The History Boys
April 20th 2016
The History Boys
On the 15th of March 2016, drama and history students went to watch a performance called The History Boys which was written by Alan Bennett. The production was about a class of boys who are trying to pass their history A-Levels and get into Oxbridge. It featured comedy and tragedy, but also asks questions about growing up and what is right and wrong. It featured one of our year eleven students, Joe Llewelyn, who played the character of David Posner. Here we have an interview with Joe, seen here, far left middle row, with other members of the cast.
- How did you get into acting?
My family were all actors, but mainly on my mother’s side as they all do acting and that kind of work.
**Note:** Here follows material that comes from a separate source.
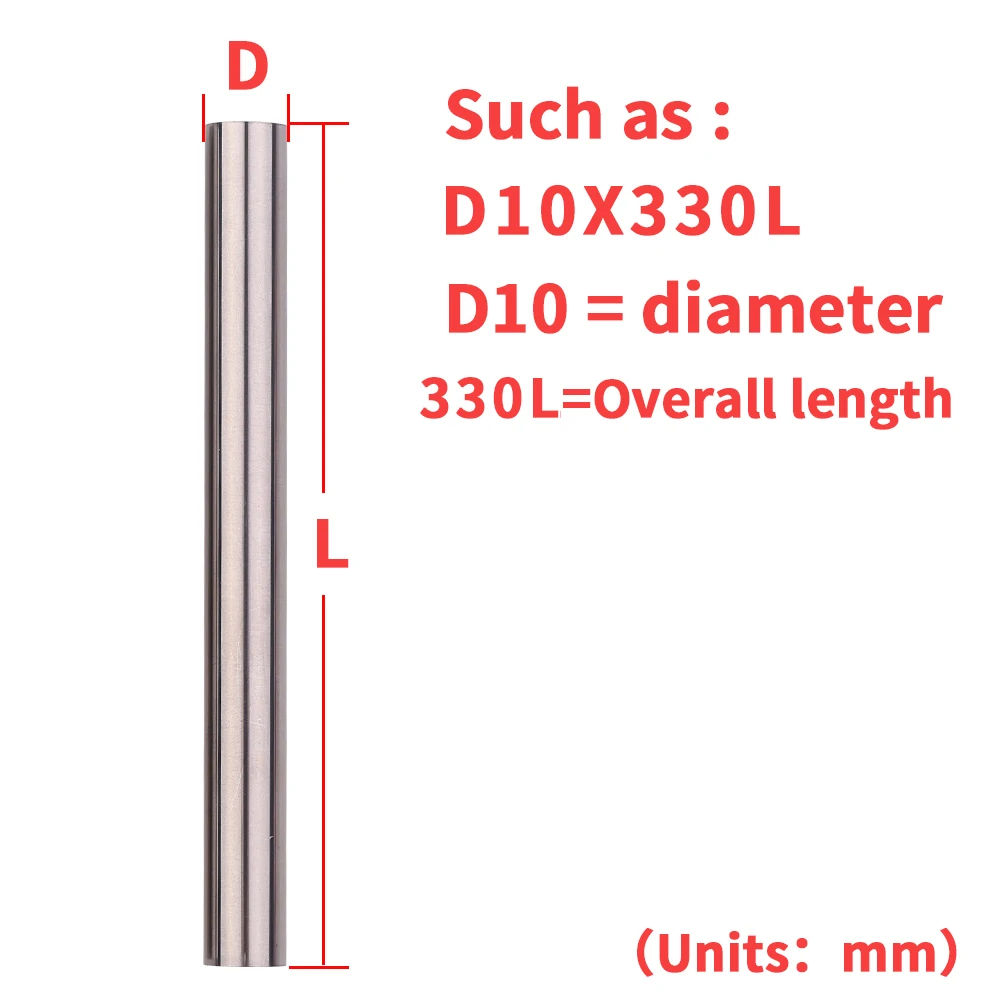 Solid Carbide Round Rod 3-20mm Diameter 330mm Length Wear Resistant  High Hardness CNC Machine Fine Grinding Tungsten Steel Bar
My great aunt is a director for foreign theatre but really I’ve always just thought it was interesting.
- Did you have to audition for the History Boys and what was it like?
We did have to audition. I knew the director before and she had told me about it. I knew so many other actors as I had worked with them before.
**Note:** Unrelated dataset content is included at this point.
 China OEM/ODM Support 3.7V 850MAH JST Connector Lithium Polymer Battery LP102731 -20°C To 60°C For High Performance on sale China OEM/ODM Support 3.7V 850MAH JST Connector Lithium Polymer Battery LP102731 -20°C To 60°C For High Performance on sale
- How did they assign the roles?
Originally all the actors auditioned for all the boys but the directors and producers selected the characters. I was put to play Posner quite early on and I mainly auditioned for it.
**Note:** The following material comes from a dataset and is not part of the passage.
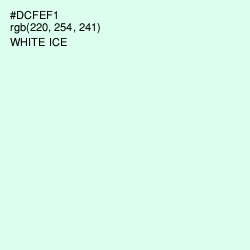 #DCFEF1 - White Ice Color Image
- How long was the rehearsal process and what was it like?
It was not a long process, for about three or four months; but it was made up of very long rehearsals. Usually they last about three to four hours but sometimes they can go up to five hours.
- What was the hardest part when preparing for the performance?
The technical, it was the technical by far. It was such a long process. It’s just long because I was on the stage. I wouldn’t say it was really difficult for me; it was more difficult for people doing technical rehearsals like lighting. I wouldn’t say the actual acting was difficult. I think getting the energy for an audience isn’t really understanding it but more entering it. And I think I comment on drama and smaller theatre because there is less people. But people usually go out to be entertaining and I think that was quite good.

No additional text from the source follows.